Au lendemain des élections de 2021, le premier ministre Mustafa al-Kadhimi a laissé place à Mohammed Chia al-Soudani, issu du Cadre de coordination, après plusieurs mois de tractations. Son gouvernement a fixé la date du vote de 2025 et a promis un processus transparent. Les autorités rappellent que la Constitution impose une nouvelle législature avant le 8 janvier 2026, ce qui confère au calendrier électoral une importance constitutionnelle. Les tentatives de réformes institutionnelles, telles que l’adoption du vote électronique et des cartes biométriques lors du scrutin précédent, visent à limiter les fraudes et les manipulations qui ont entaché les précédents cycles. La Commission électorale indépendante (IHEC) affirme avoir mis à jour les logiciels et renforcé la formation de ses agents, tandis que des missions d’observation, notamment de l’ONU, sont attendues. La participation populaire reste néanmoins incertaine après des années d’abstention et de désillusion.

Le contexte sécuritaire continue d’influencer la compétition politique. Si l’État islamique a perdu ses bastions, ses cellules actives dans le nord et l’ouest demeurent une menace. Les attentats sporadiques et les tensions entre milices rivales rappellent la fragilité de l’ordre public. Les années précédentes ont également été marquées par des assassinats de militants, des enlèvements et des intimidations visant des candidats indépendants. La perspective d’un scrutin organisé en novembre, alors que les températures se font plus clémentes, répond à des impératifs logistiques et sécuritaires. Les autorités prévoient un vote spécial deux jours plus tôt pour les forces de sécurité, afin de libérer des troupes pour la protection des bureaux de vote le jour du scrutin général.

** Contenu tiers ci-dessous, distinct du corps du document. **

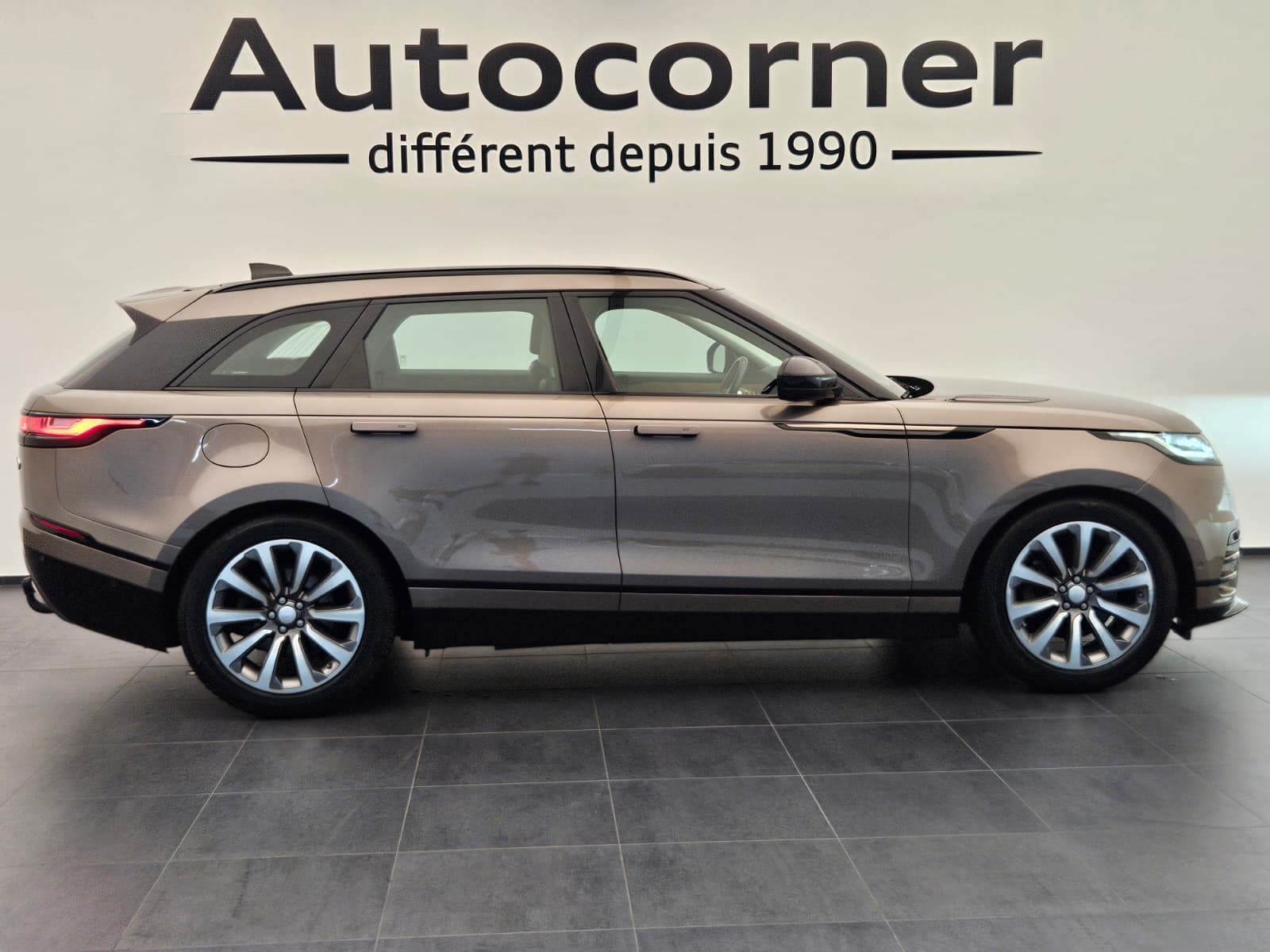 LAND ROVER Range Rover Velar R-Dynamic D 300 HSE Automatic-image-5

La société irakienne est divisée entre la lassitude et l’espoir. Une génération de jeunes, connectée et éduquée, aspire à des emplois, à des services et à un État de droit. Les manifestations de 2019 ont créé un espace politique pour des mouvements civils qui contestent la domination des partis religieux. Des réseaux d’activistes réclament l’abolition des quotas confessionnels et l’édification d’un État citoyen. Dans les provinces sunnites, encore meurtries par la guerre, les déplacés cherchent la restitution de leurs terres et l’aide à la reconstruction. Au Kurdistan, les querelles entre les deux grands partis et les débats sur la part des revenus pétroliers accentuent l’incertitude. Les élections de 2025 constituent ainsi un test décisif pour savoir si l’Irak peut dépasser la politique de partage des postes et se diriger vers un système fondé sur la compétence et la représentation inclusive. L’héritage des cycles précédents montre que chaque vote est un moment charnière qui peut ouvrir une brèche dans le système ou réaffirmer les mêmes équilibres. Les électeurs se préparent à choisir entre continuité et changement, en pesant l’expérience du passé et l’espoir d’un avenir meilleur. Le prochain scrutin est donc un moment crucial pour la jeune démocratie irakienne.

 

Forces et coalitions : les acteurs politiques se positionnent

Le champ politique qui se forme pour les élections de 2025 est un labyrinthe de coalitions et de partis reflétant les clivages confessionnels et régionaux. Dans le camp chiite, la nouvelle Alliance pour la reconstruction et le développement, dirigée par le premier ministre Mohammed Chia al-Soudani, fédère plusieurs formations du Cadre de coordination et cherche à se présenter comme un mouvement pragmatique centré sur la relance économique et la reconstruction des infrastructures. Son principal rival demeure la Coalition de l’État de droit conduite par l’ancien premier ministre Nouri al-Maliki, qui regroupe onze partis et conserve un socle électoral fidèle dans les provinces du sud. Le courant d’Ammar al-Hakim, rebaptisé Forces de l’État national, tente de jouer la carte de la modération et de la réforme, tandis que la liste Badr de Hadi al-Amiri mise sur sa structure politico-militaire. On retrouve également Abchir Ya Irak de Hamam Hamoudi et al-Asas d’Ali al-Mandlawi, plus petites mais susceptibles de capter des voix tribales. Ces coalitions partagent un discours axé sur la stabilité et l’amélioration des services publics, mais divergent sur le rôle de l’Iran, la place des milices et l’ouverture aux réformes.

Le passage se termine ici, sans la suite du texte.